03:14 - En tout cas, les magistrats que vous avez eus face à vous dans la commission,
03:18 réclament un plan Marshall. Ce serait quoi ce plan Marshall ?
03:22 Qu'est-ce qu'il faudrait faire qui n'a pas encore été fait ?
03:25 - Alors, nous avons de plus en plus de dossiers,
03:28 l'institution judiciaire a de la peine à les traiter.
03:31 La masse des dossiers de poursuites est absolument considérable.
03:36 L'autre sujet qui a été révélé par les magistrats, c'est l'importance de ces dossiers.
03:41 On a des dossiers de plus en plus conséquents, de plus en plus denses,
03:44 dans lesquels il y a de plus en plus d'inculpés, il y a de plus en plus d'affaires,
03:47 il y a de plus en plus de quantités de drogue, il y a de plus en plus d'argent.
03:50 Et le troisième souci de ces magistrats, c'est évidemment la prison,
03:56 parce qu'on a compris aujourd'hui qu'en prison,
03:59 nous avons des narcotraficants qui continuent leur trafic
04:02 et qui peuvent même commanditer des crimes depuis leur cellule.
04:07 - Les têtes de réseau agissent de la cellule.
04:12 - Exactement. Alors comme je vous l'ai dit il y a quelques instants,
04:15 le gouvernement est en pleine campagne de destruction de ses points de ville sur Marseille.
04:20 Quelles seront les conséquences sur tout cela ?
04:22 Et il faudra encore quelques mois pour en apprécier les conséquences.
04:28 Est-ce que réellement il y a une diminution du trafic ?
04:32 Moi, je m'exprime à titre personnel,
04:35 je pense que quand on détruit un point de ville, il y a un report sur un autre point de ville.
04:39 - C'est ça, c'est une hydre, on coupe une tête, il en repousse une autre.
04:41 - C'est exactement ça.
04:42 On est dans une hydre, face à une hydre,
04:47 et les magistrats nous ont dit qu'on a besoin de plus de moyens.
04:52 Vous savez, les enquêtes sont extrêmement difficiles,
04:55 parce que ce sont souvent des enquêtes internationales.
04:59 Les systèmes qui sont mis en œuvre par les nachieux et par les narcotraficants
05:03 pour blanchir, pour cacher, sont de plus en plus complexes.
05:07 L'utilisation par exemple de cryptomonnaies,
05:10 tous les systèmes de blanchiment, la blockchain est aujourd'hui un des outils
05:15 extrêmement complexes qu'utilisent les narcotraficants.
05:18 On est dans une guerre, on est dans une course.
05:21 Il faut maintenant aller plus vite que les narcotraficants.

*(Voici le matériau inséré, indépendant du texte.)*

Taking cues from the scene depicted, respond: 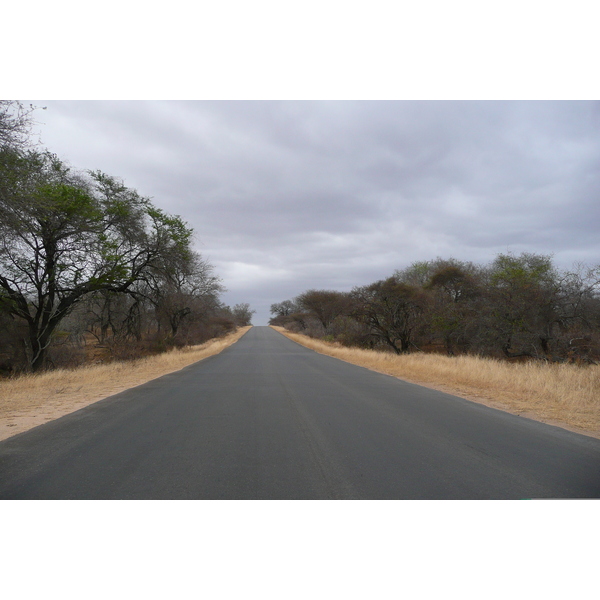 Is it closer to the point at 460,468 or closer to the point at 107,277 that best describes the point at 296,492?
the point at 460,468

05:25 C'est ça que nous disent les magistrats, ils disent "faites attention".
05:28 Tout ça, il y a un autre sujet.
05:29 - Rapidement pour finir, Etienne Blanc.
05:32 - Rapidement sur ce qui se passe en Équateur.
05:36 Évidemment, la France n'en est pas là.
05:39 Mais il y a un certain nombre de signes qui sont inquiétants.
05:41 Les violences, l'importance de ces violences,
05:44 les masses d'argent et puis la corruption.
05:48 La corruption qui est partout.
05:49 Il y a de plus en plus d'affaires, on le voit dans nos services publics,
05:53 chez les docteurs, dans les douanes, dans les services administratifs.
05:57 - Le constat, il est là, vous l'avez dressé.
05:59 Maintenant, il faudra voir les moyens qui seront mis en œuvre.
06:02 Merci beaucoup. - C'est exactement ça, merci.
06:04 - Etienne Blanc, sénateur LR du Rhône,
06:06 rapporteur de cette commission d'enquête contre le narco-trafique.
06:09 Merci beaucoup. Bonne journée.